Definition: Let $K$ be convex. We say that $x \in K$ is an extreme point if $$ \forall y,z \in K,\ \forall \lambda \in [0,1],\ x = \lambda y + (1-\lambda)z \Rightarrow \lambda \in \{0,1\}. $$ We denote by $\mathrm{Extr}(K)$ the set of extreme points.
Theorem (Krein–Milman). Let $E$ be an Euclidean space of dimension $n$ and $K \subset E$ convex and compact. Then $$ K = \mathrm{conv}(\mathrm{Extr}(K)). $$ where the notation $\mathrm{conv}(G)$ stands for the convex enveloppe of the set $G$.
Proof.
Proof.
It suffices to show $K \subset \mathrm{conv}(\mathrm{Extr}(K))$, the reverse inclusion being clear by convexity of $K$.
The proof proceeds by induction on $n$, the dimension of $E$. We assume the property is true for every Euclidean subspace of dimension $n-1$. Without loss of generality, we assume that $K$ is not reduced to a singleton.
Let $x \in K$. Choose $y \in K \setminus \{x\}$ arbitrarily.
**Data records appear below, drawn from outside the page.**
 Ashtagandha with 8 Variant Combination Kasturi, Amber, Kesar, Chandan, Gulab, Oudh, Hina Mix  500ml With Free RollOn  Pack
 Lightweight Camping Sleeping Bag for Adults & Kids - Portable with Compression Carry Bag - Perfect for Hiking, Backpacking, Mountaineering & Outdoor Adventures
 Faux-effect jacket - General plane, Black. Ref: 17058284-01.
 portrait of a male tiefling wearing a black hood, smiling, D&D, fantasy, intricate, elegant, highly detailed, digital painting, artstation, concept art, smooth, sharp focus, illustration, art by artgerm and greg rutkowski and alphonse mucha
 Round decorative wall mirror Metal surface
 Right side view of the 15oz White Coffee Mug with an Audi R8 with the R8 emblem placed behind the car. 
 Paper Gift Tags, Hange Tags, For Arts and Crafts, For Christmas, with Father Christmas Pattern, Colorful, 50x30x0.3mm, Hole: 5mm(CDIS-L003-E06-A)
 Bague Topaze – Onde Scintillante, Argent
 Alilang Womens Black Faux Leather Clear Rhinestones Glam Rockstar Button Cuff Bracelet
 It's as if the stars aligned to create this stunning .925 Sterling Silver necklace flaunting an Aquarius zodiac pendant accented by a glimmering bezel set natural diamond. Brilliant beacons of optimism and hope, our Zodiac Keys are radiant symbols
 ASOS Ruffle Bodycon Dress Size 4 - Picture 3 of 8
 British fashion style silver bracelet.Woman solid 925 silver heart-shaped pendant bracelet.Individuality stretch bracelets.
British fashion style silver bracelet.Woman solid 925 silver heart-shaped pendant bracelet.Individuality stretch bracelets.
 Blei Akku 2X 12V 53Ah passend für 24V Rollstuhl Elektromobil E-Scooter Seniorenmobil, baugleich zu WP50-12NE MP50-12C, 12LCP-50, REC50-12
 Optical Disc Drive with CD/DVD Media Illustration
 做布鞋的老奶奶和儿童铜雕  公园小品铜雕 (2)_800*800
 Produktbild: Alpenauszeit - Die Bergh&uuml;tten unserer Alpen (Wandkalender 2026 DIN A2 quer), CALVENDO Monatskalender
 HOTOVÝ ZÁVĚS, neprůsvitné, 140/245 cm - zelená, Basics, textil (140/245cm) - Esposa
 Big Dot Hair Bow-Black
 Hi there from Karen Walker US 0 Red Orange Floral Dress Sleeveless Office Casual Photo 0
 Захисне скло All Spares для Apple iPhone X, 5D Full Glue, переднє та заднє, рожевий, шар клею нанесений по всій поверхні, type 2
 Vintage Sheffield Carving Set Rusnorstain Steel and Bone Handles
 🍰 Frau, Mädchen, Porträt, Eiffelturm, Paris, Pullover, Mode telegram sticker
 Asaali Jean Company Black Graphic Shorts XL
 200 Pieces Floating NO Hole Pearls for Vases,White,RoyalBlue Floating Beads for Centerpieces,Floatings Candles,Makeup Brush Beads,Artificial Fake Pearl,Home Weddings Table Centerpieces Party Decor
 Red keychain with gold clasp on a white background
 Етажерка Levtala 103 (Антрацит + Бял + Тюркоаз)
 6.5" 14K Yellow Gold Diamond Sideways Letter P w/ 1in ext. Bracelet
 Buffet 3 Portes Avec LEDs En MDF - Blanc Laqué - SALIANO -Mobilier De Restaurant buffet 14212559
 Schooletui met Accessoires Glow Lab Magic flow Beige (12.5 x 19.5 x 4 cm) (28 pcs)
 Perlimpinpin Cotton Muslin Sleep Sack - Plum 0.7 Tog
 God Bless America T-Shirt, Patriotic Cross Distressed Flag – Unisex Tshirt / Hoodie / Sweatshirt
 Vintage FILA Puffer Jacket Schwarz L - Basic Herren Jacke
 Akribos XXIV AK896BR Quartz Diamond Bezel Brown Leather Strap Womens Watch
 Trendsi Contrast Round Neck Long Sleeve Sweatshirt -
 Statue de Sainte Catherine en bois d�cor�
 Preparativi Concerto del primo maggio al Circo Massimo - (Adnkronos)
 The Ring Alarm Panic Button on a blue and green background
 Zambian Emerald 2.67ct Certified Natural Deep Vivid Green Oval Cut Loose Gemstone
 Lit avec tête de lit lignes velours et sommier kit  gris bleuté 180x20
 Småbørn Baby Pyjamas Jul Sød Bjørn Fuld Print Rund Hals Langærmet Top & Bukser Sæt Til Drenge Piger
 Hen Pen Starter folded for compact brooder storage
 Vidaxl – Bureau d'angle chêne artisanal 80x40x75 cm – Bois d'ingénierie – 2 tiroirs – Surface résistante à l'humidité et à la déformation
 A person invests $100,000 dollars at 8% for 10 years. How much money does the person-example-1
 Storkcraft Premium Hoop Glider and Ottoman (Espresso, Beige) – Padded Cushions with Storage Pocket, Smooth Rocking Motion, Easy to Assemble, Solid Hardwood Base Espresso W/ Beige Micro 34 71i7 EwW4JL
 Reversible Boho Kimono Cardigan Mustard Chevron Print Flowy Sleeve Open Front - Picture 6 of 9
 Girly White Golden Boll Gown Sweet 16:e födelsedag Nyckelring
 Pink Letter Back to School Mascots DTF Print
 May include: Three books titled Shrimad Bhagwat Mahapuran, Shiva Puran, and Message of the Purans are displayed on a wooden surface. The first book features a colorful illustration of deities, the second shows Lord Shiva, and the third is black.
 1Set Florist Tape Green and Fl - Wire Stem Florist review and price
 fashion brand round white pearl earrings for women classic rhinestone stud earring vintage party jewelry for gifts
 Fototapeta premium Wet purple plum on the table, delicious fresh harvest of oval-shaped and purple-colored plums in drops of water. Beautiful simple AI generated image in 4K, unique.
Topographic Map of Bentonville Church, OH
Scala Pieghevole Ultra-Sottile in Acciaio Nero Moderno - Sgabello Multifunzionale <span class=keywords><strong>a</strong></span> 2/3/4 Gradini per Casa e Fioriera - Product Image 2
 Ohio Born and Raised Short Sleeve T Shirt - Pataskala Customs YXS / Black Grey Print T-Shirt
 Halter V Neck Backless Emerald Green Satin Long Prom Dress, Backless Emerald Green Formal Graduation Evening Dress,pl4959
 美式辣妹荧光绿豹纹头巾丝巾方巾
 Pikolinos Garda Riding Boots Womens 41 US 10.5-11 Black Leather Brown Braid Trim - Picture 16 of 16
Consider $[a,b]$ a maximal segment contained in $K$ and containing $[x,y]$. Since $a,b \in K$ and $x$ is a convex combination of $a,b$, it suffices to show that $a,b \in \mathrm{conv}(\mathrm{Extr}(K))$. We prove that $a \in \mathrm{conv}(\mathrm{Extr}(K))$ (the case $b \in \mathrm{conv}(\mathrm{Extr}(K))$ is similar). Since $a \in \partial K$, there exists a sequence $a_k \notin K$ converging to $a$ and for each $k$, we choose $u_k$ unitary such that for all $y \in K$, $\langle y-a_k,u_k \rangle \geq 0$. We can extract from $(u_k)$ a convergent subsequence on the unit sphere, and let $u$ be its limit. Passing to the limit yields $\langle y-a,u \rangle \geq 0$. Thus, defining $f(y)=\langle y-a,u \rangle$, we obtain that $a \in H_a=f^{-1}(0) \cap K=\mathrm{argmin}_{y\in K} f(y)$. The set $H_a$ is convex, compact, non-empty in a space of dimension $n-1$, and the induction hypothesis shows that $a \in \mathrm{conv}(\mathrm{Extr}(H_a))$. It remains to show that $\mathrm{Extr}(H_a) \subset \mathrm{Extr}(K)$. Indeed, since $f$ is linear, if $z \in \mathrm{Extr}(H_a)$ and $z=\lambda x + (1-\lambda) y$ with $x,y \in K$, then $f(z)=0=\lambda f(x) + (1-\lambda) f(y)$, hence $f(x)=f(y)=0$ (since $f\geq 0$ on $K$), which implies $x,y \in H_a$ and thus $\lambda \in \{0,1\}$ since $z \in \mathrm{Extr}(H_a)$. This shows that $z \in \mathrm{Extr}(K)$ and the proof is concluded.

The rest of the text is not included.